(David Fickling Books)
Teenage mother Liga escapes to her own alternative world after enduring unspeakable cruelties at the hands of her father first then a gang of town boys.
The world she escapes to is a mirror image of the one she comes from apart from all the cruel and evil people from her village which she has literally wiped out (gaps even lay where their houses should be). There she feels safe enough to bring up her two daughters, where they grow unaware not only of their mother’s past but of the existence of any kind of cruelty and violence. But the boundary between real and alternative worlds eventually weakens and as others manage to penetrate their safe haven, Liga’s youngest daughter Urrda becomes particularly curious about what might be on the other side …
Well, what can I say? What an amazing book!
I am not quite sure what all the controversy is all about though?!? Yes, there is incest and a gang rape, but with all the furore I was expecting descriptions in great details! But there is very little, especially as far as the rape is concerned, where it is actually only implied. The only scenes which might be deemed a little bit more disturbing were the two scenes of miscarriage and the scene of Urrda’s revenge towards the end. But to be fair, I have read much, much worse in young adult fiction!
The book is written in such a style that Lanagan could easily be mistaken for on of the Brothers Grimm’s contemporaries. Her writing is beautiful but quite complicated and refined and this is why I think Tender Morsels deserves its “not suitable for younger readers” stamp. In fact, although I often find dual editions pointless, I think it is wise to have an adult edition here as the book will probably find itself to be more succesful amongst adults than teenagers.
The atmosphere of the book while Liga lives in her “dream world” is oppressive, to the point that my sleep was disturbed a lot while I was reading it. Amazingly, once Liga was back in the real world, I started sleeping better!

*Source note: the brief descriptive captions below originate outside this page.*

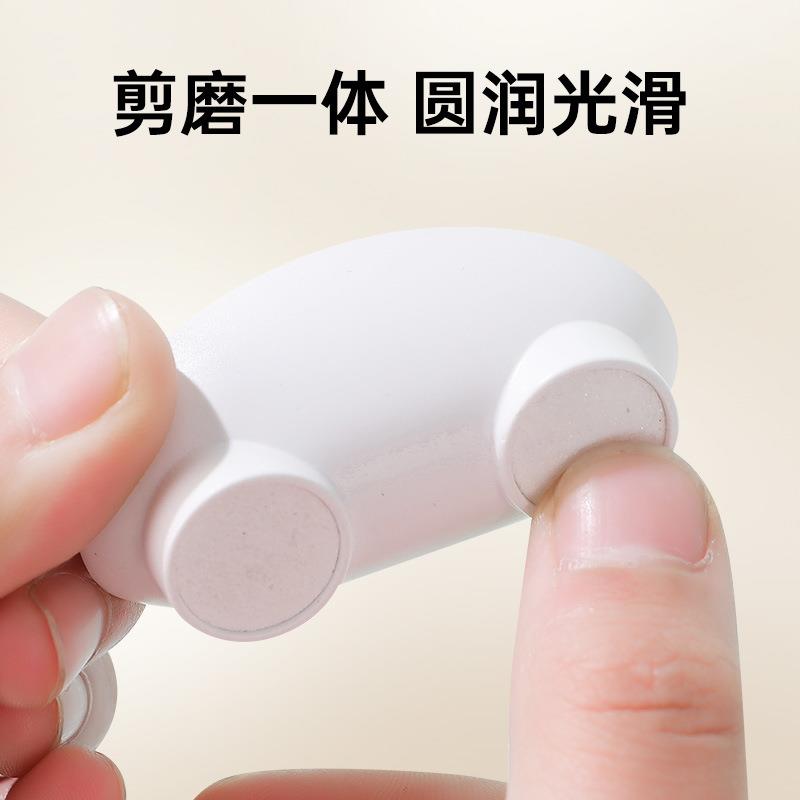 新款直销新款电动指甲刀美甲器成人修甲磨甲器婴儿童防夹肉自动指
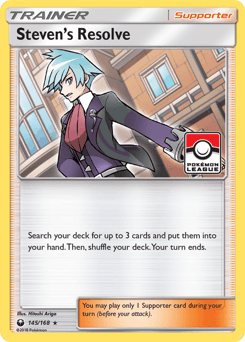 Steven's Resolve Celestial Storm #145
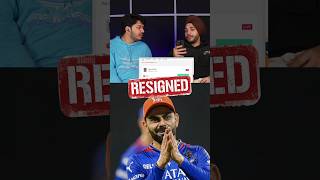 🚨 SHOCKING IF TRUE 🚨 rcb viratkohli [upl. by Keyte]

Tender Morsels is like The Knife of Never Letting Go; although they are obviously extremely different in not only the genre of the story but the style of narrative, both have a uniqueness, a quality in the writing that I am yet to find in other books. Tender Morsels is a fine book, and I hope people wil see past the controversy to see as the high quality piece of writing that it is rather than just “that book with the incest and gang rape in it”.

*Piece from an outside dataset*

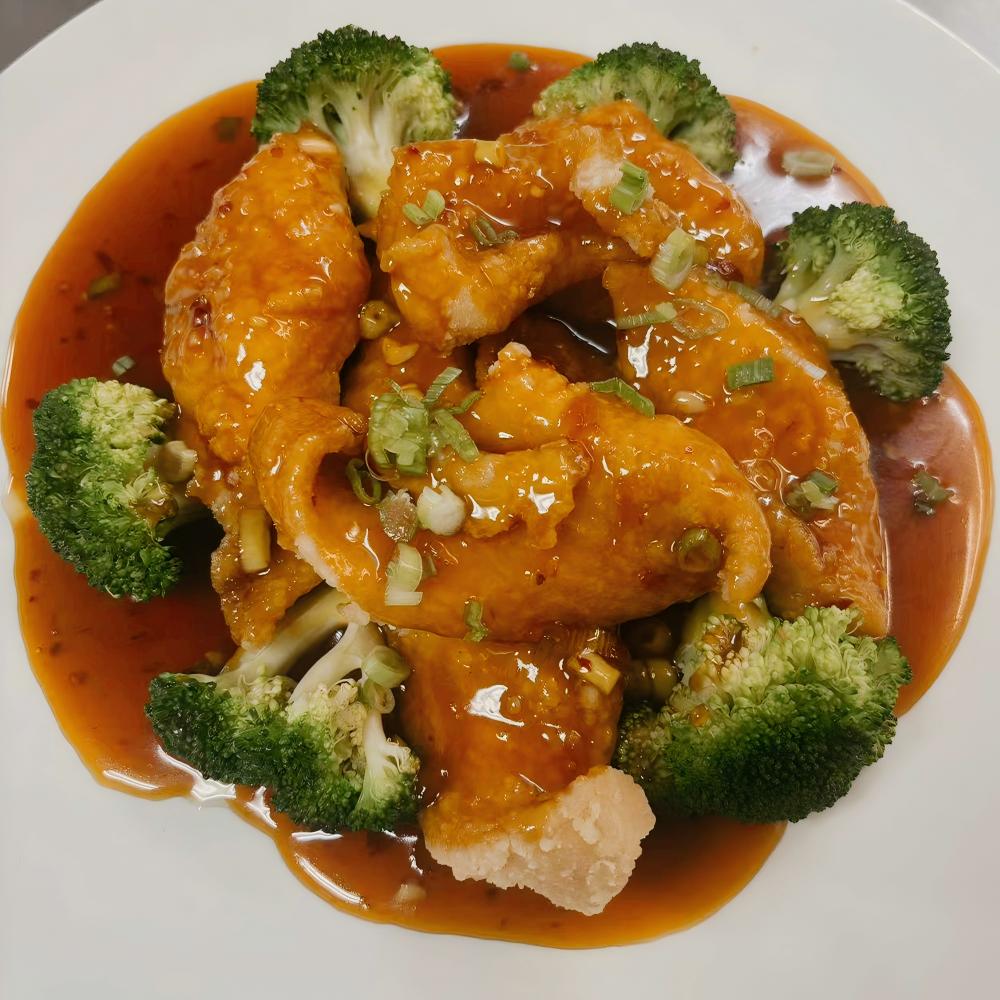 Asian-Palace-Chinese-Restaurant-General-Tao’s-Shrimp-Wexford General Tao’s Shrimp at Asian Palace Chinese Restaurant in Wexford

My only criticism is that I wished Lanagan had given Liga a bit more of a break at the end. While she is in her dream world, she is not particularly happy as the magic preventing her from feeling pain although prevents her from truly loving her daughters, particularly not allowing her to “mourn” the loss of Urrda when she leaves for the real world. I had hoped that she would find true happiness for herself when back in the real world and I felt that she was let down a bit. The ending is a happy one, but Liga is left to live happiness through her daughters and considering the life she’d had, I thought she deserved a bit more!
Thank you very much to Lauren from Random House Children’s Books for sending me a copy.
Thanks for this review – I’ve been really wanting to read Tender Morsels for a while and now I want to read it even more – sounds amazing. Now I just have to find 5 minutes to get to a bookshop to buy it!